LONDON (Commodity Online): In the current environment, Barclays believes aluminium can offer a good defensive position given that further price downside is likely limited by the proximity of prices to production costs.
“We estimate that at current prices of $2,250/t, as much as 25% of global production is losing money.” the report said.
Barclays is neutral on nickel fundamentals on the view that recent price weakness is overdone but that recovering production will ease market tightness progressively into 2012, while they view zinc as the weakest metal given that the market is expected to remain oversupplied for the next 12 months.
Base metals have suffered considerably over the past month, as the complex has moved quickly to price in downgrades to global growth. Given the ongoing uncertainties attached the euro area debt crisis, concerns remain of further growth downgrades, which continues to place pressure as well as volatility on price movements.
“However, we would temper the current degree of pessimism given that Chinese metal demand remains in healthy and supply-pipeline inventories are very thin globally, which provided the macro picture starts to brighten, should mean a price recovery is likely.” Barclays said.

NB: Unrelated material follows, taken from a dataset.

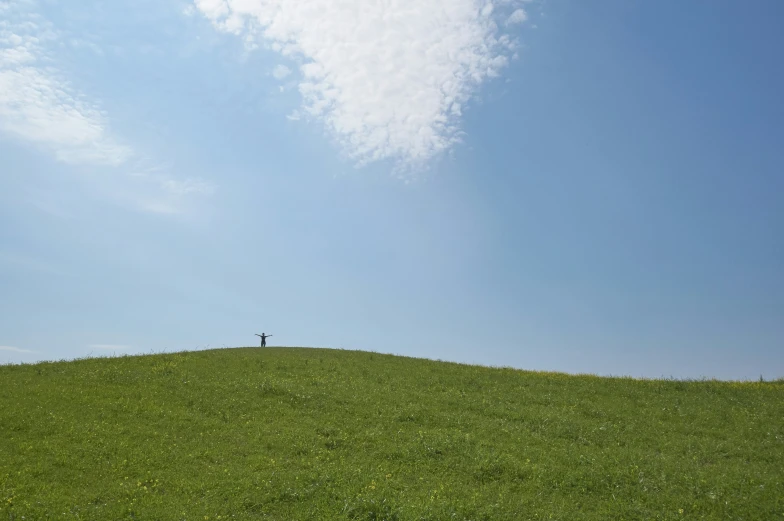 a person with a red frisbee standing on a lush green hill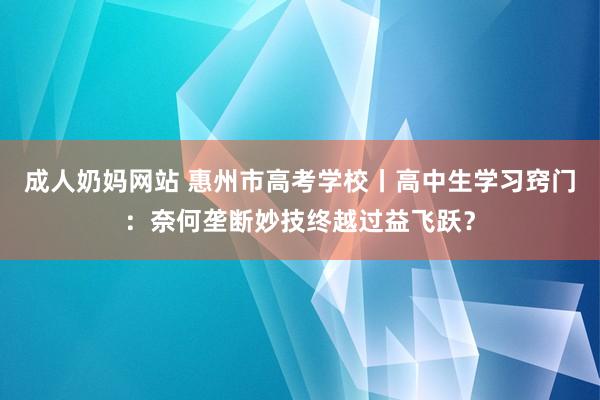成人奶妈网站 惠州市高考学校丨高中生学习窍门：奈何垄断妙技终越过益飞跃？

While copper continues to possess the strongest fundamentals – mine supply disruptions combined with solid improvements in Chinese import demand are clearly supporting a market deficit – the distortions of flat price performance by whims in macro sentiment point towards time spreads as a lower risk approach to play the fundamentals.
Finally, lead prices should gain some support if there is a solid recovery Chinese battery sector activity in Q4, which should in turn nudge the overall market into deficit for that time period, the report concluded.